Let your body sigh: exhale deeply, releasing tension from your body. A deep sigh (or several sighs) is the body’s natural way to reset the nervous system. You can practice responding to any moment of tension, even a frightening one, with a deliberate sigh to shift your physiology into a relieved and more relaxed state.

The pairing of tense and relaxed states, when the relaxed state is stronger, strengthens the “muscle” of your vagal brake and allows more calm, even in tense moments.


 

EXERCISE 2-11: Progressive Muscle Relaxation

Because you cannot activate the sympathetic and parasympathetic branches of your nervous system at the same time, your body cannot be simultaneously anxious and relaxed.
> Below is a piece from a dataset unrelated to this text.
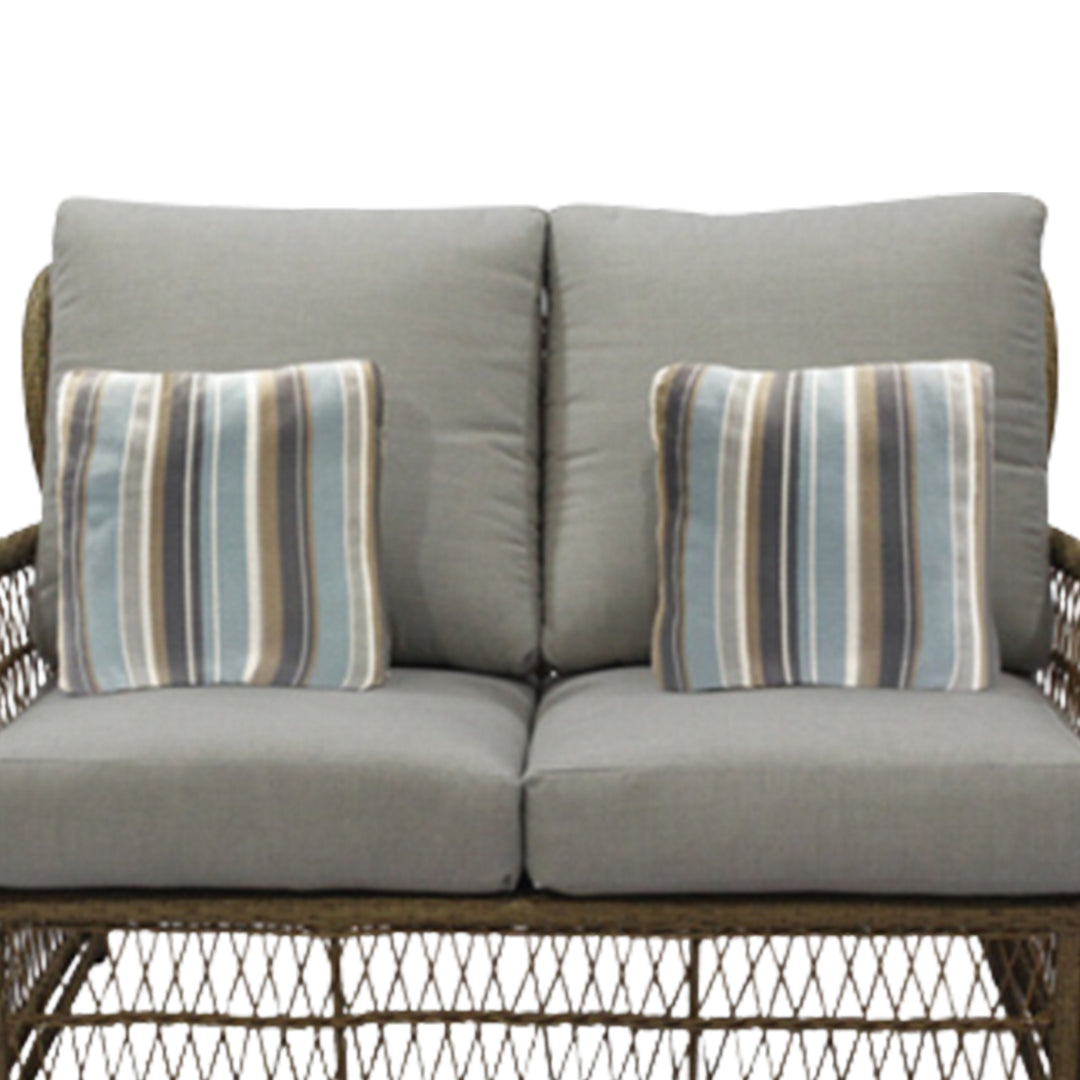 Four Seasons Courtyard Positano Wicker Cushioned Loveseat w/ 2 Accessory Pillows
Progressive muscle relaxation activates the parasympathetic branch and helps you relax your entire body, step by step. These instructions work from foot to head, but you can also practice the sequence from head to foot. The entire exercise takes about seven to ten minutes and can be done lying down or sitting.

       1.    Begin by curling the toes of your right foot, holding that tensed position for a count of seven. Then relax that tension and uncurl the toes as you count to fifteen. Then curl the arch of your right foot as though pointing your foot, holding that tensed position for a count of seven. Relax and let go of tensing the foot as you count to fifteen. Then flex your foot, raising the toes back toward your shin, holding that tensed position for a count of seven. Relax and untense the toes as you count to fifteen.

                   Counting to seven while tensing a part of your body and to fifteen while relaxing it ensures that you are relaxing more than tensing. That’s part of the reconditioning. The counting also keeps your brain from wandering into the worry and rumination tendencies of the default network. When you breathe in on the tensing and breathe out on the relaxing you are activating the parasympathetic branch more than the sympathetic, bringing your body to more calm.

       2.    Continue tensing and relaxing various parts of your body, breathing in and counting to seven as you tense, breathing out and counting to fifteen as you let go and relax. Tense and relax your right calf, your right thigh, your right hip and buttock. Then tense and relax your left toes, your left foot, your left calf, your left thigh, and your left hip and buttock. Tense and relax your torso, your pelvis area, your belly, the muscles around your ribs and your spine. Tense and relax the fingers of each of your hands, the palms of your hands, your wrists, your forearms, your elbows, your upper arms, your shoulders and neck. Then tense and relax all your facial muscles in turn — jaw, throat, lips, cheeks, ears, eyes, nose, forehead.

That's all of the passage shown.